* _DATA FOR THIS EXERCISE_:
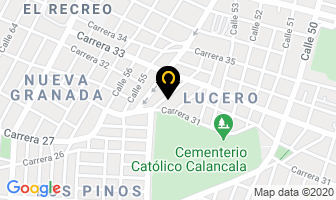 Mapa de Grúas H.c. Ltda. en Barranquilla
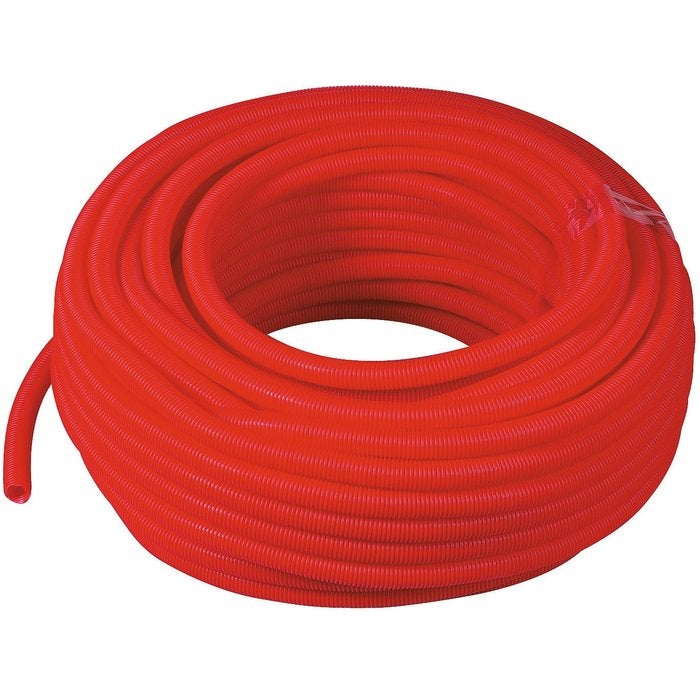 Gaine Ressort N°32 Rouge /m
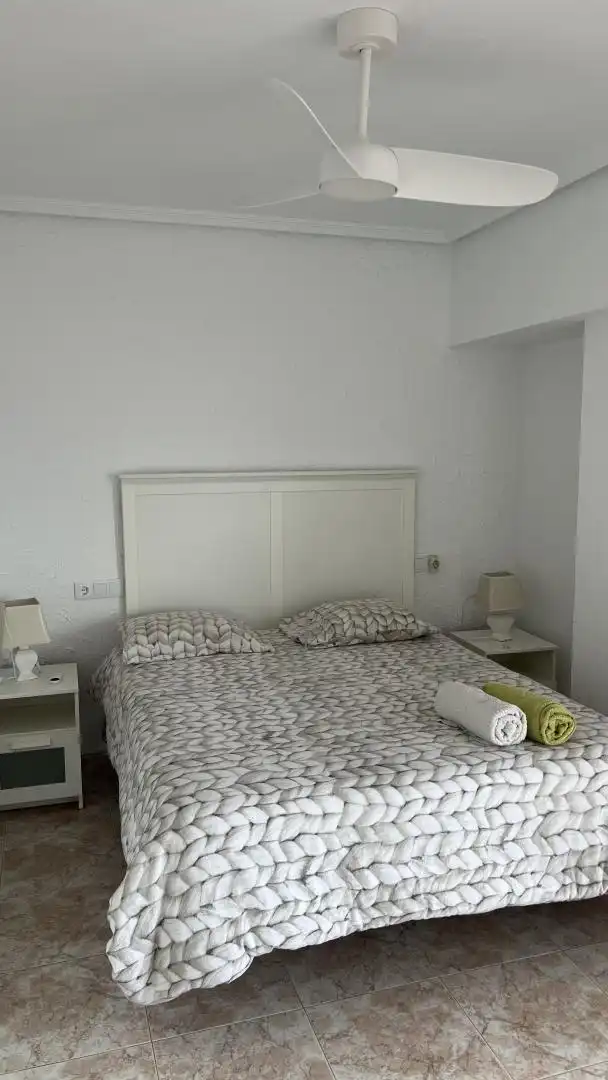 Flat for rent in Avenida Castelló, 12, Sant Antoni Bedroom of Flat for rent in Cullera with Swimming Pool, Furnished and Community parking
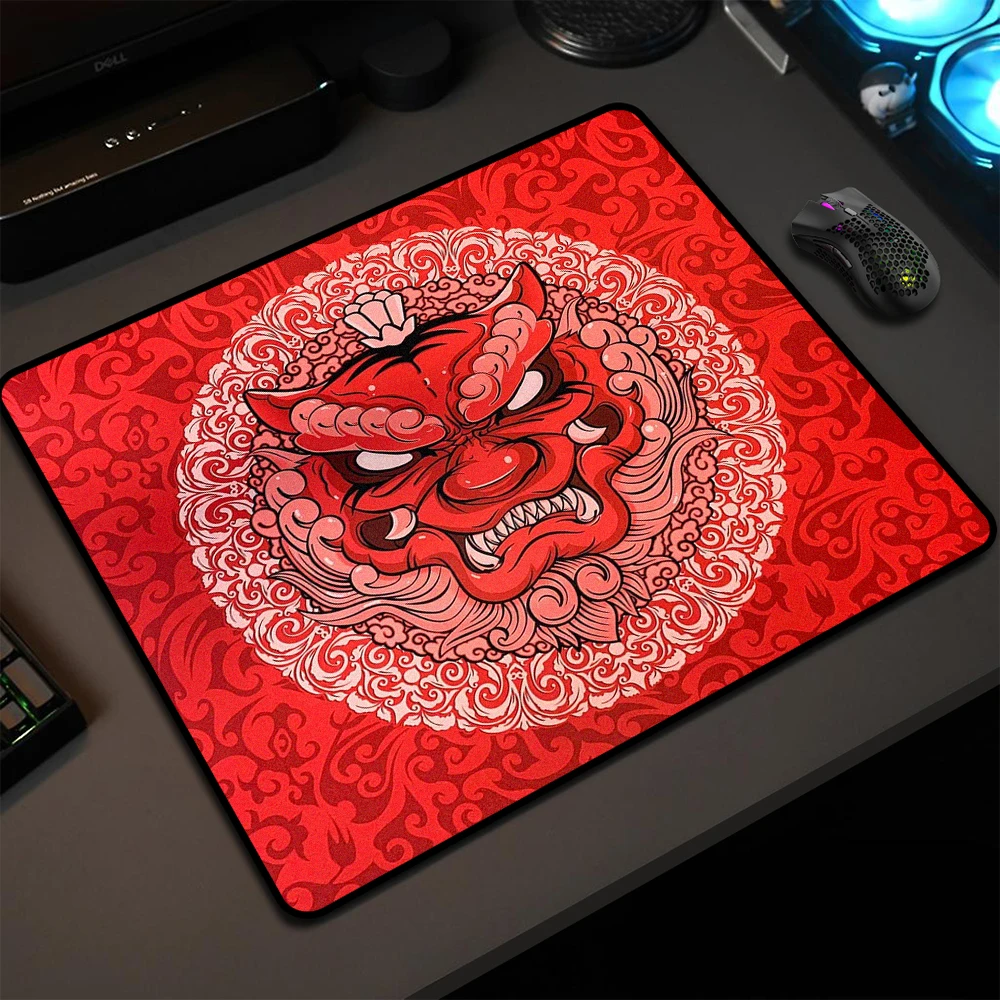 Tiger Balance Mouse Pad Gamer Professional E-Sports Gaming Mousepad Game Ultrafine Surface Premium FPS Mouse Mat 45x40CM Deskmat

...

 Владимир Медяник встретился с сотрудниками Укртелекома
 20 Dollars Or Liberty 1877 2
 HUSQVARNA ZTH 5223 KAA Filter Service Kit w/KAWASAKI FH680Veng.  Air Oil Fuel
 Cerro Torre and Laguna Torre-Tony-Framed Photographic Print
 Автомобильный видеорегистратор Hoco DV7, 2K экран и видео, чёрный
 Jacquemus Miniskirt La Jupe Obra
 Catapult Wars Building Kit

---

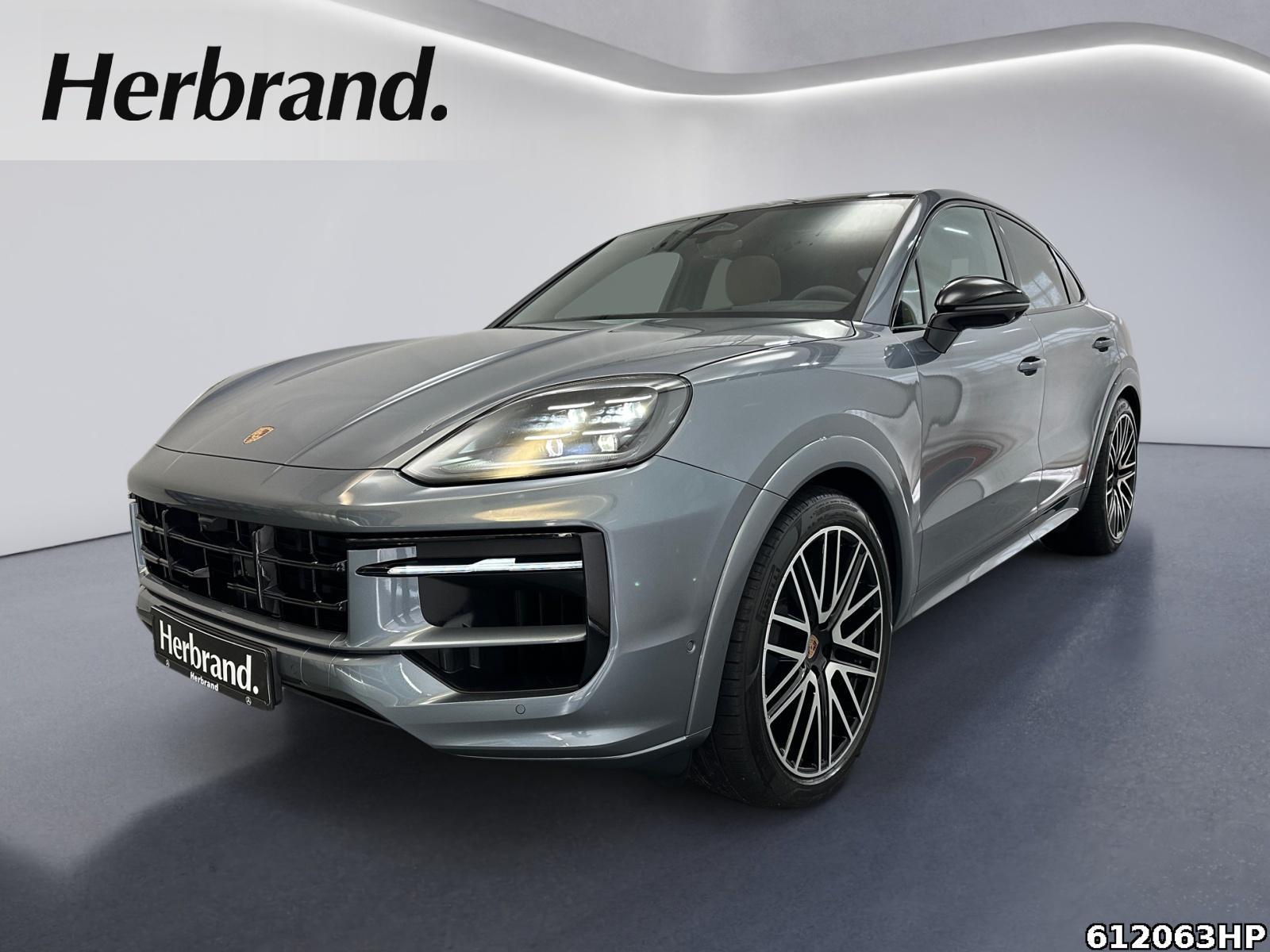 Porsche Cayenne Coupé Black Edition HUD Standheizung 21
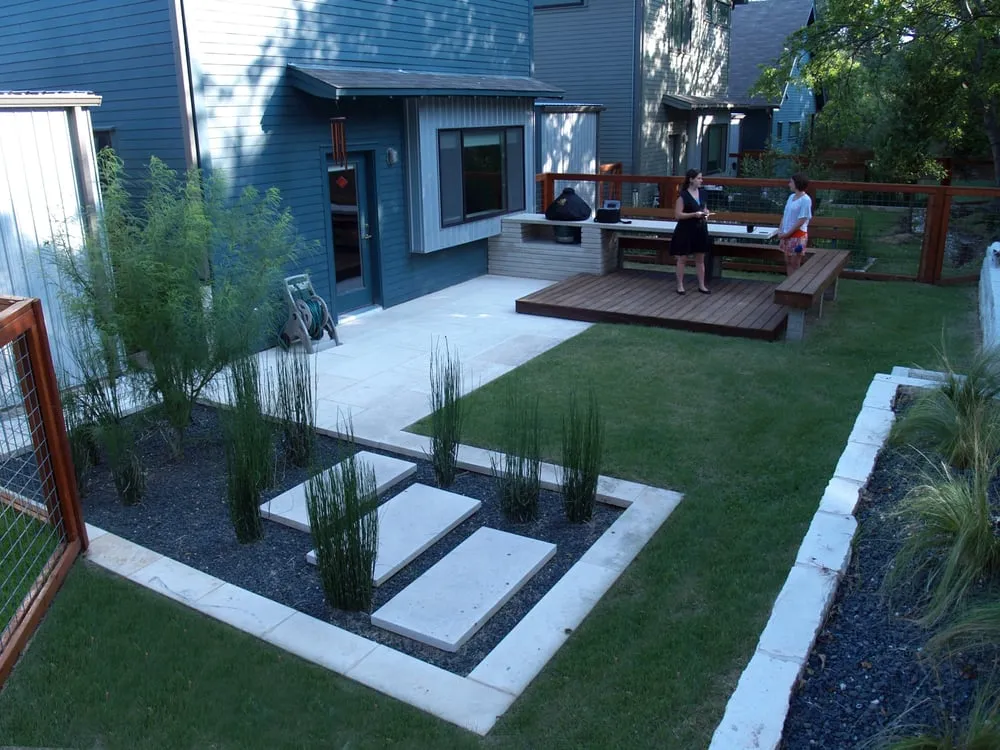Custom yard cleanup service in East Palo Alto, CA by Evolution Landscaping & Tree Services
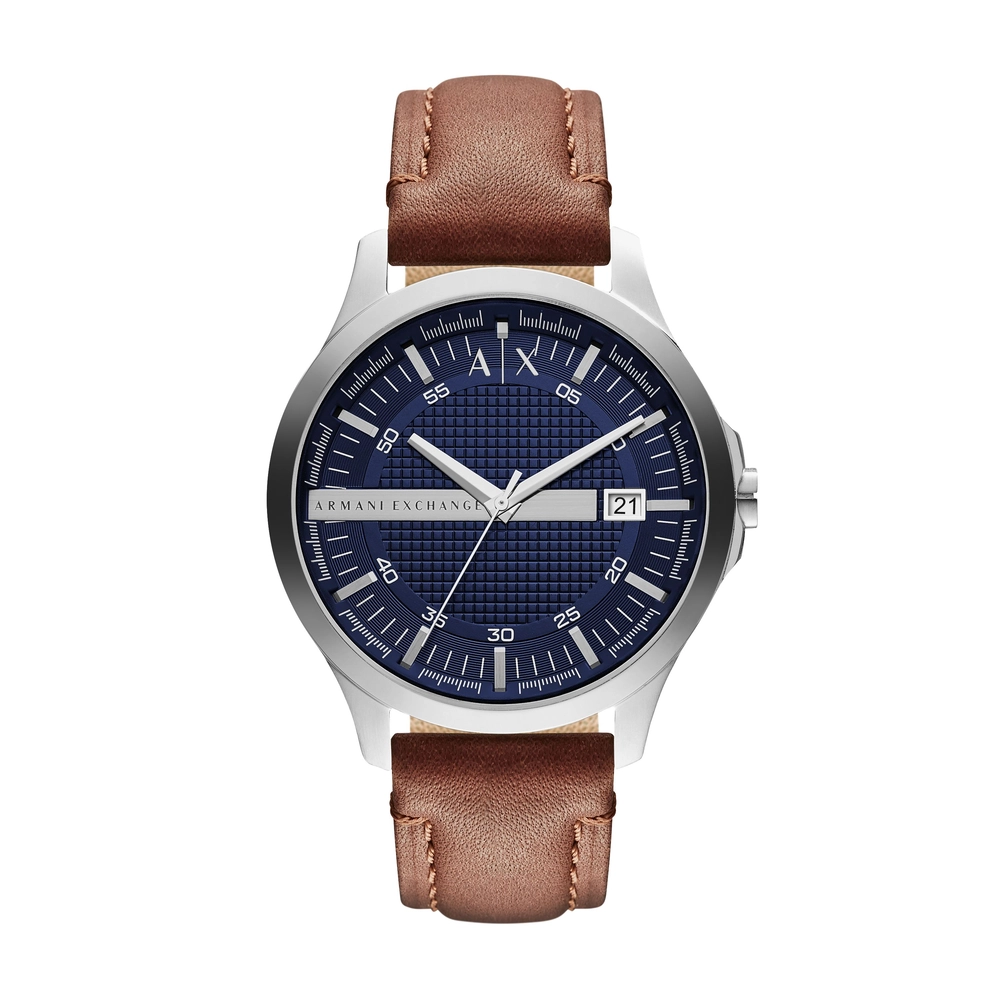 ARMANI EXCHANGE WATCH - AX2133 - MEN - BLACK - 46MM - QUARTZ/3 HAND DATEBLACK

* _ABOUT THIS TASK_:
Using the records above, return word for word the lines that begin at the one containing "Gaine Ressort N°32 Rouge /m" and end at the one containing "Tiger Balance Mouse", both of them included and no pictures.

* _RESPONSE BELOW_:
 Gaine Ressort N°32 Rouge /m
 Flat for rent in Avenida Castelló, 12, Sant Antoni Bedroom of Flat for rent in Cullera with Swimming Pool, Furnished and Community parking
 Tiger Balance Mouse Pad Gamer Professional E-Sports Gaming Mousepad Game Ultrafine Surface Premium FPS Mouse Mat 45x40CM Deskmat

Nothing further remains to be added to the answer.